Sunday, August 27, 2006

 

Nestor's New Nuke: Atucha II Nuclear Plant


This week Nestor Kirchner announced that Argentina would reactivate the Atucha II nuclear project, which has been mothballed since 1994. Argentina will enrich uranium to supply the plant. Currently 34% of Argentina's energy supply is hydroelectric, 9% nuclear from two plants, and almost all the rest from oil and gas.Due to government policies hostile to investment in oil and gas, there has been almost no development of new gas production for several years, and the government has implemented highly unpopular policies to deal with the gas shortages experienced during last winter and this, such as:

1.) Renege on gas supply contracts with Chile. This has caused major economic losses in Chile.
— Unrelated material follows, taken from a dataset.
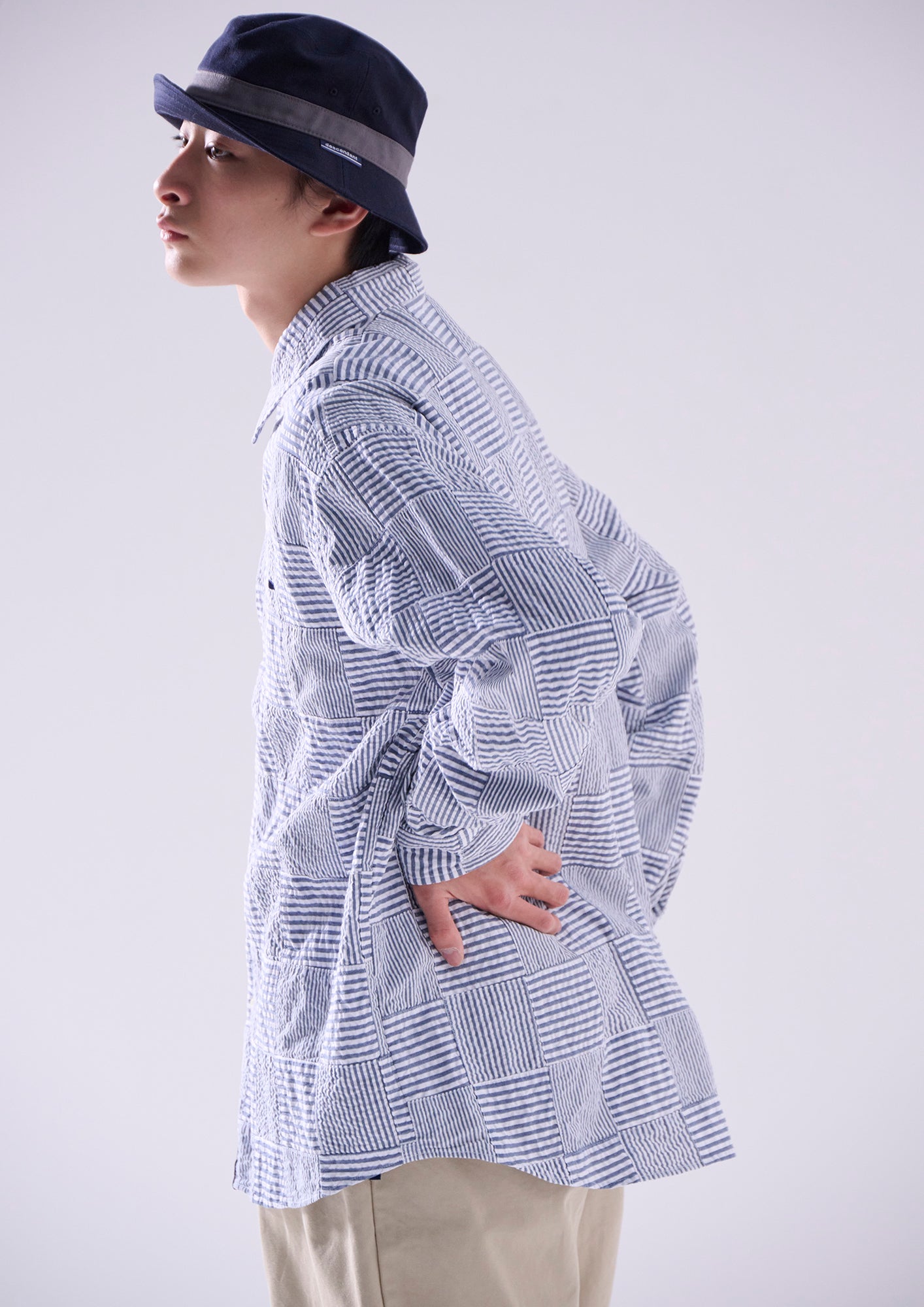 MILPITAS PATCHWORK LS SHIRT – DESCENDANT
Chile is now building LNG facilities as quickly as possible, and may or may not be a customer of Argentina in the future, depending on what kind of deals Argentina offers. Chile will be able to buy gas from any source in the world.

2.) Impose penalties on "excessive" gas consumption. If you use more gas last winter and this, than you did in a previous year, you pay fines to the gas company, greatly increasing the cost of gas. Since the cost of gas to residential consumers is subsidized to the tune of around $6.00 US per million BTU, the bureaucratic punishment, complicated in the extreme, is supposed to take the place of market forces, which in any normal country would be penalty enough. The complaint lines at the local gas office are long, the customers are hostile, or bewildered, and the employees who have to deal with them have had a belly full. Standing in line one day, I heard the little old lady explain to the old sourpuss manning the desk that her husband had been taken ill this winter, and she had to heat the house more because he was home for weeks, and she just did not have the money to pay the fine, which was a multiple of what her gas bill should have been. The response was to explain to her the Byzantine complaint process.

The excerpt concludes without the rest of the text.